Thursday, March 23, 2017

From inside the wire


One of the things the organization Critical Resistance does that hardly anyone does is ask prisoners what they think. Prisoners have their own, multifaceted and not necessarily uniform, takes on the goings on in the world outside.

Recently, [CR] asked imprisoned people to share their reflections on Trump's presidency and how to strengthen our resistance to what some see as rising fascism. Lacino, Robert, and Asar (quoted here), as well as others have generously offered their analysis and experience.

... The testimonies include excerpts of letters from immigrants, Black men and other men of color, people sentenced to the death penalty or life without parole (the other death penalty), gay people, and people imprisoned in California, Pennsylvania, Florida, and South Carolina. 

The entire collection of responses, including images of original letters, are posted at Prisoners Speak Out: Analysis and Perspectives.

Asar Imhotep Amen wrote from California State Prison - LA County:

"Trump's regime will greatly affect me, along with the community at large as well as all presently incarcerated people... Trump's regime serves a deliberate and specific purpose in sustaining white terror, power, and domination. In other words, the relationship between people of color, along poor white folks in America and the holders of state power in the United States is similar to that which exists between the colonized and the colonial master."

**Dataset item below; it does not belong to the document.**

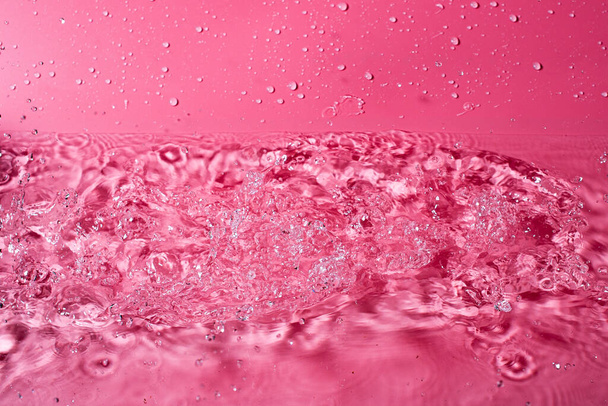splash of water on a red background. Abstract wallpaper - Foto, Imagen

Lacino Hamilton, imprisoned at Chippewa Correctional Facility, Kincheloe, Michigan, had this to say:

Repression doesn’t come and go, it merely becomes more or less evident, as its "spectacular episodes" are spaced closer or farther apart. Donald Trump being an expression of a "spectacular episode". Repression is a permanent blanket covering the movement. Many people don't think this is so, because you don't notice the difficulty you have trying to breathe. This is because you’ve become accustomed to the reality and the weight of the blanket, long gaps between "spectacular episodes” have given many of us the impression that the blanket had been "pulled back” or “lifted". But it’s been here all the time, before Trump was elected president, and we’ve learned to move under its weight, and now consider this type of repression to be normal.

Robert Chan, imprisoned at California State Prison - LA County, added his view:

Now is the time to stand with our free-world allies as they daily protest Trump's latest ugly declarations and executive orders. In our thoughts and in our prayers, with our hearts and with our words, we stand with the oppressed and all progressives fighting for social justice. Never before have I been so surprised and inspired by the outpouring of unity that's coalescing in the sea of courageous people stepping up against tyranny.

I figure I'm called to live up to Mr. Chan's expectations -- will I?